A prospective cohort-based artificial intelligence evaluation system for the protective efficacy and immune response of SARS-CoV-2 inactivated vaccines

Jin Zhang; Yuan Meng; Mei Yang; Wudi Hao; Jianhua Liu; Lina Wu; Xiaojun Yu; Yue Zhang; Baoxu Lin; Chonghong Xie; Lili Ge; Zhijie Zhang; Weiwei Tong; Qing Chang; Yong Liu; Yixiao Zhang; Xiaosong Qin

doi:10.1016/j.intimp.2024.112141

A prospective cohort-based artificial intelligence evaluation system for the protective efficacy and immune response of SARS-CoV-2 inactivated vaccines

Int Immunopharmacol. 2024 May 10:134:112141. doi: 10.1016/j.intimp.2024.112141. Online ahead of print.

Authors

Jin Zhang¹, Yuan Meng¹, Mei Yang¹, Wudi Hao¹, Jianhua Liu¹, Lina Wu¹, Xiaojun Yu¹, Yue Zhang¹, Baoxu Lin¹, Chonghong Xie¹, Lili Ge¹, Zhijie Zhang¹, Weiwei Tong¹, Qing Chang², Yong Liu¹, Yixiao Zhang³, Xiaosong Qin⁴

Affiliations

¹ Department of Laboratory Medicine, Shengjing Hospital of China Medical University, Shenyang, Liaoning, People's Republic of China.
² Department of Clinical Epidemiology, Shengjing Hospital of China Medical University, Shenyang, Liaoning, People's Republic of China.
³ Department of Urology, Shengjing Hospital of China Medical University, Shenyang, Liaoning, People's Republic of China. Electronic address: zhangyx@sj-hospital.org.
⁴ Department of Laboratory Medicine, Shengjing Hospital of China Medical University, Shenyang, Liaoning, People's Republic of China. Electronic address: qinxs@sj-hospital.org.

PMID: 38733819
DOI: 10.1016/j.intimp.2024.112141

Abstract

Background: Novel coronaviruses constitute a significant health threat, prompting the adoption of vaccination as the primary preventive measure. However, current evaluations of immune response and vaccine efficacy are deemed inadequate.

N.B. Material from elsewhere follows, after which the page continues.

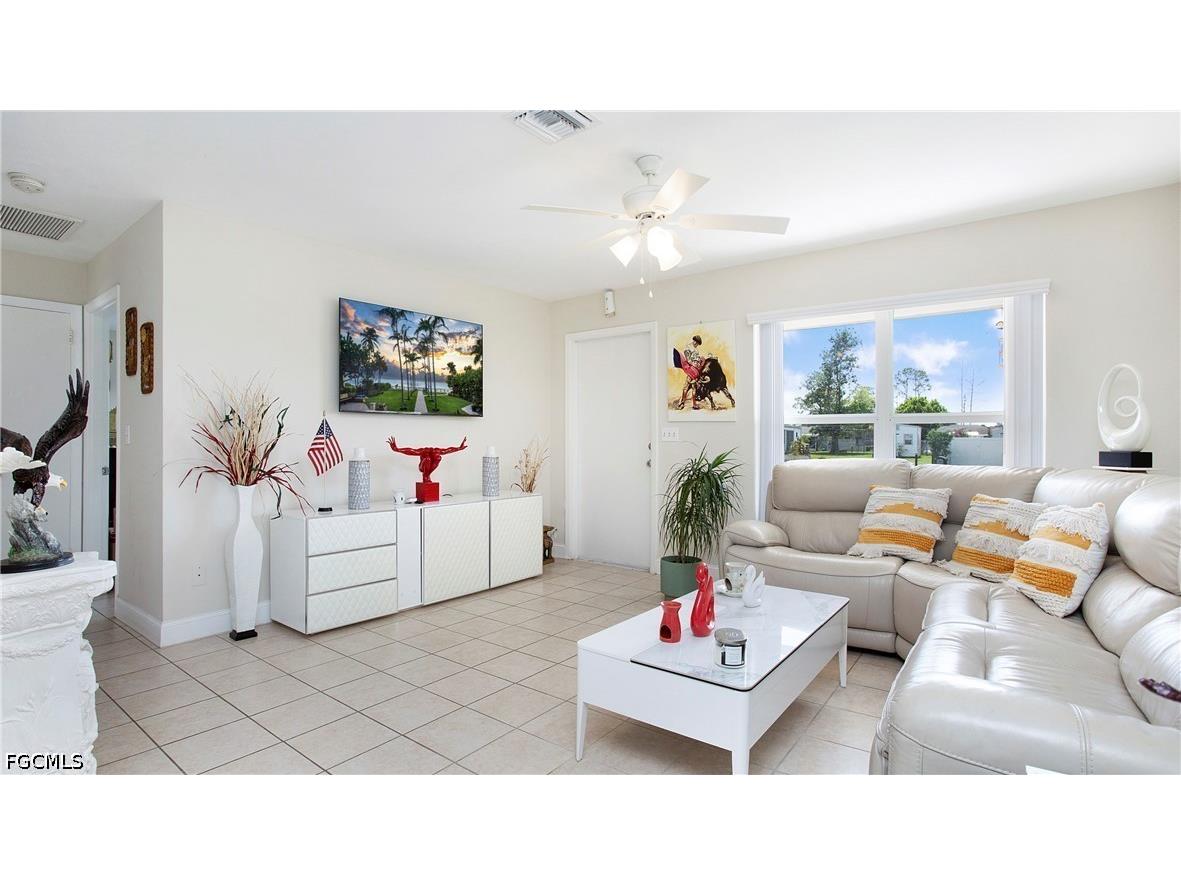 515 York Road Lehigh Acres FL 33936 2026029601 image4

Objectives: The study sought to explore the evolving dynamics of immune response at various vaccination time points and during breakthrough infections. It aimed to elucidate the synergistic effects of epidemiological factors, humoral immunity, and cellular immunity. Additionally, regression curves were used to determine the correlation between the protective efficacy of the vaccine and the stimulated immune response.

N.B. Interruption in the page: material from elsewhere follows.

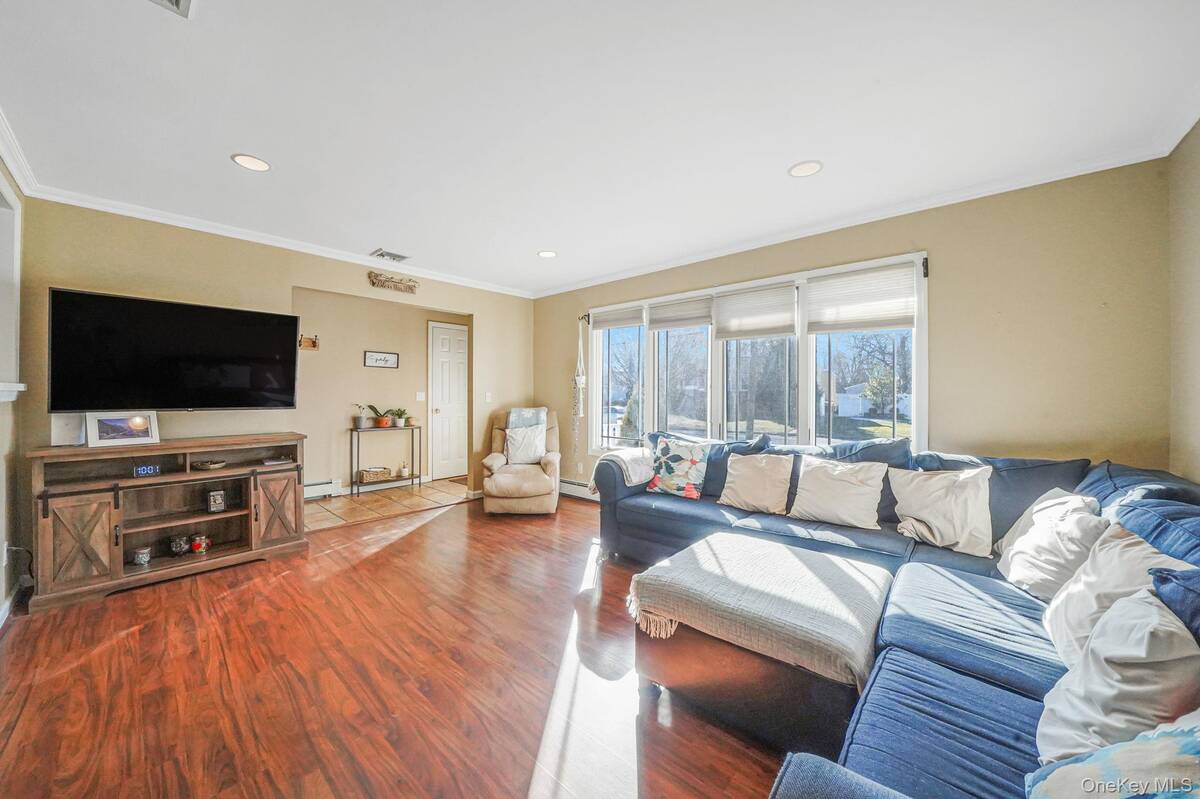 #4 photo, 23 Pearsall Place, سوفولك Deer Park , NY 11729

Methods: Employing LASSO for high-dimensional data analysis, the study utilised four machine learning algorithms-logistical regression, random forest, LGBM classifier, and AdaBoost classifier-to comprehensively assess the immune response following booster vaccination.

Results: Neutralising antibody levels exhibited a rapid surge post-booster, escalating to 102.38 AU/mL at one week and peaking at 298.02 AU/mL at two weeks. Influential factors such as sex, age, disease history, and smoking status significantly impacted post-booster antibody levels. The study further constructed regression curves for neutralising antibodies, non-switched memory B cells, CD4⁺T cells, and CD8⁺T cells using LASSO combined with the random forest algorithm.

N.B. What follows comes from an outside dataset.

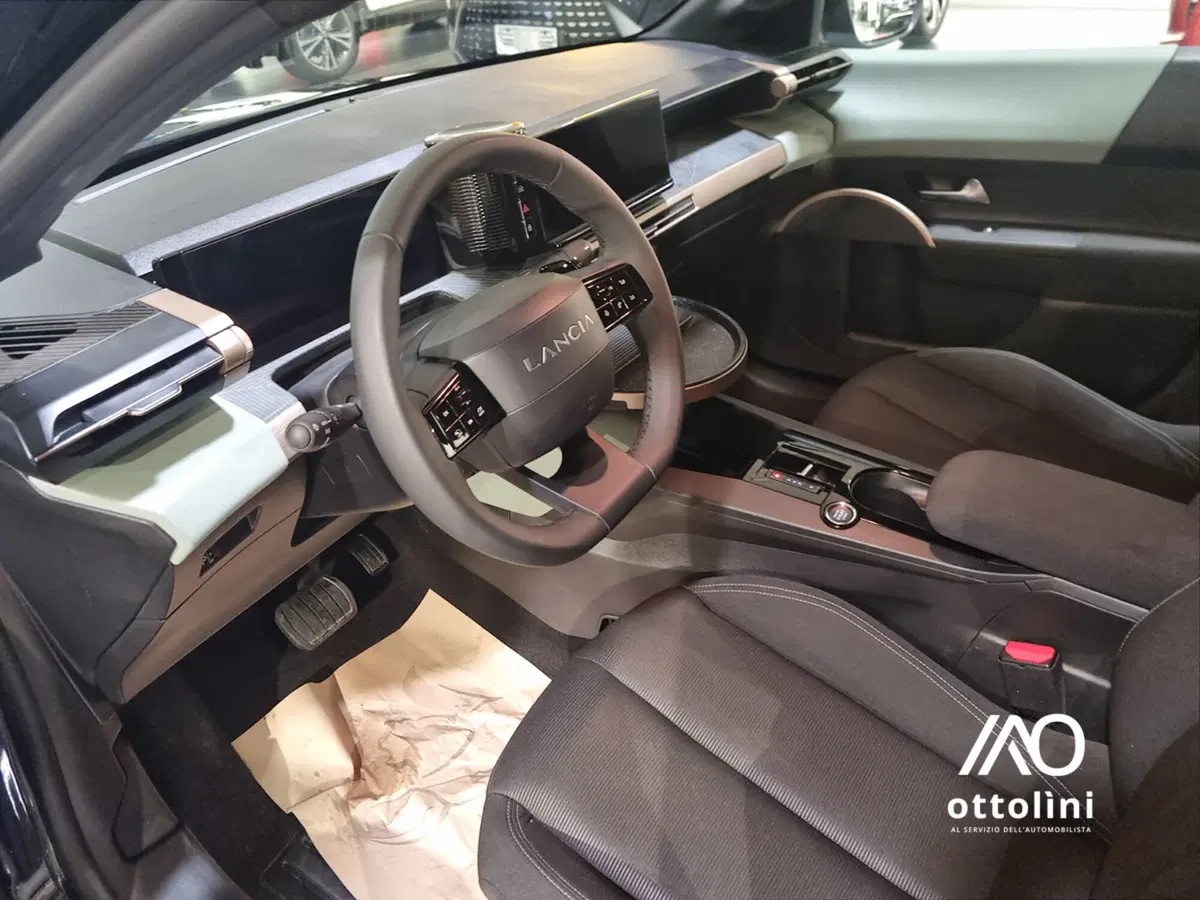Lancia Ypsilon usata a Cagliari (6)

Conclusion: The establishment of an artificial intelligence evaluation system emerges as pivotal for predicting breakthrough infection prognosis after the COVID-19 booster vaccination. This research underscores the intricate interplay between various components of immunity and external factors, elucidating key insights to enhance vaccine effectiveness. 3D modelling discerned distinctive interactions between humoral and cellular immunity within prognostic groups (Class 0-2). This underscores the critical role of the synergistic effect of humoral immunity, cellular immunity, and epidemiological factors in determining the protective efficacy of COVID-19 vaccines post-booster administration.

Keywords: Artificial intelligence evaluation system; Cellular immunity; Humoral immunity; Prospective cohort.